Tired
It's Sunday night and I'm tired. The weekend had some fun in it, but I get weary when I'm around people constantly, and I have been most of the weekend. I'm 4/6 respectively on the introvert/extrovert scale and I need quiet time.
But, we had a good time at the show last night and it was fun to run around. I just need more quiet than other people do, I think. Maybe that comes from growing up as an only child. Maybe if you have siblings around all the time you're used to more noise and commotion. I need quiet to think and relax and restore. I stayed up very late last night to have some quiet time.
I think I'm also just worn out from all the emotion of the past couple of weeks - not that I have been doing anything difficult compared to what evacuees are going through, but listening to people who don't "get it" has just worn me out.
Today, of course, is the four year anniversary of 9-11. It seems that was a world ago and I guess in many ways it was. I lead a very different life now than I did then.
At the time I was working at the radio station and learned about it when I went in that morning. We watched TV for awhile and then the manager sent everyone who didn't have to be there home. He was always wonderful about that.
I went home and thought that I'd take advantage of the day to do some things around the house, but could not tear myself away from the television. I kept trying to, but I'd find myself curled back up on the couch crying, everytime I'd try to get away from it.
It hit me in an odd way - it was four months to the day after my mom's death and I was just getting through the really tough grief part. It was still very fresh and very raw. Very raw. And knowing how grief was, and that all those people were going to experience it en masse, it just seemed like the whole world was going to crumble under the weight of all that grief.

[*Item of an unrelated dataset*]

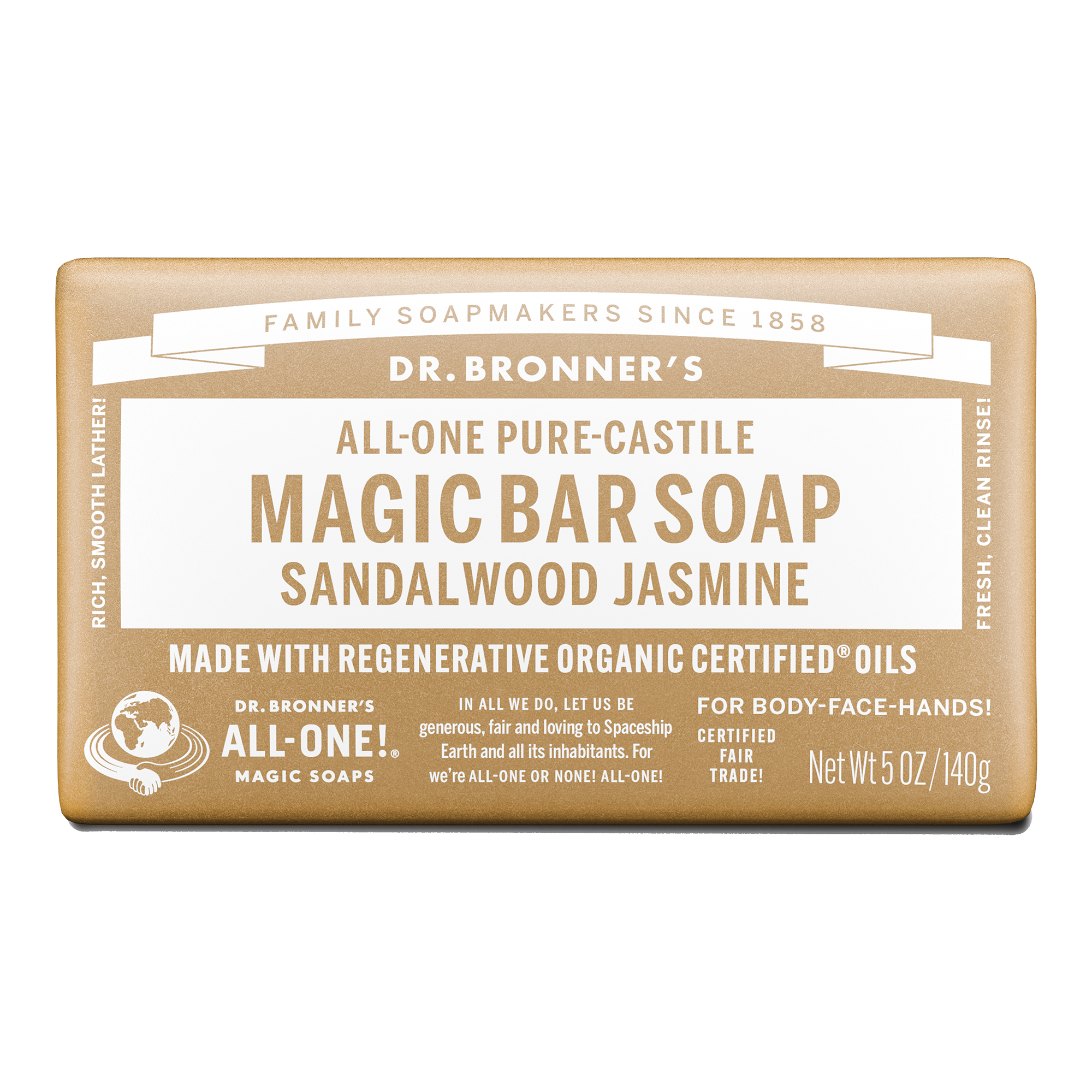 Dr. Bronner's Castile Bar Soap - Sandalwood & Jasmine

I have felt the same way about the hurricane victims, even though my own grief is more "managed" now. But, there's something about grief that is magnified when many people are suffering at the same time, for the same reason.
I have not watched any television today. The first year it felt like a "celebration" to me more than a commemoration and I haven't wanted to participate in that since then. I'm sure the TV is filled with salutes of various sorts, but I don't want to invite any more sadness into my life. It's not that I don't remember what happened, but I don't want to "celebrate" it in any way.
I'm going to try to get back to a more "normal" sense of posting here, but frankly every time I try to write much these days it just comes off trite if I'm talking about daily life.
But, of course, that's what this blog is about - daily life - so I will get back to that. That does not mean there will not be political posts - those will definitely continue - because I think that is the only way we can make changes.
I looked at the stats last night to see if I had driven away all my readers because of the political stuff, and readership has actually increased.
But, I will also be trying to offer more "normal" things mixed in. I still have not blogged my Puerto Rico or Route 66 trips. Life has just been a really fast merry go round lately and time at the computer has been scarce to do time intensive things like photos. One of these days soon...
But, that's not tonight. I have promised editors that freelance writing will be in their inboxes when them come in Monday morning so I must get about making that happen.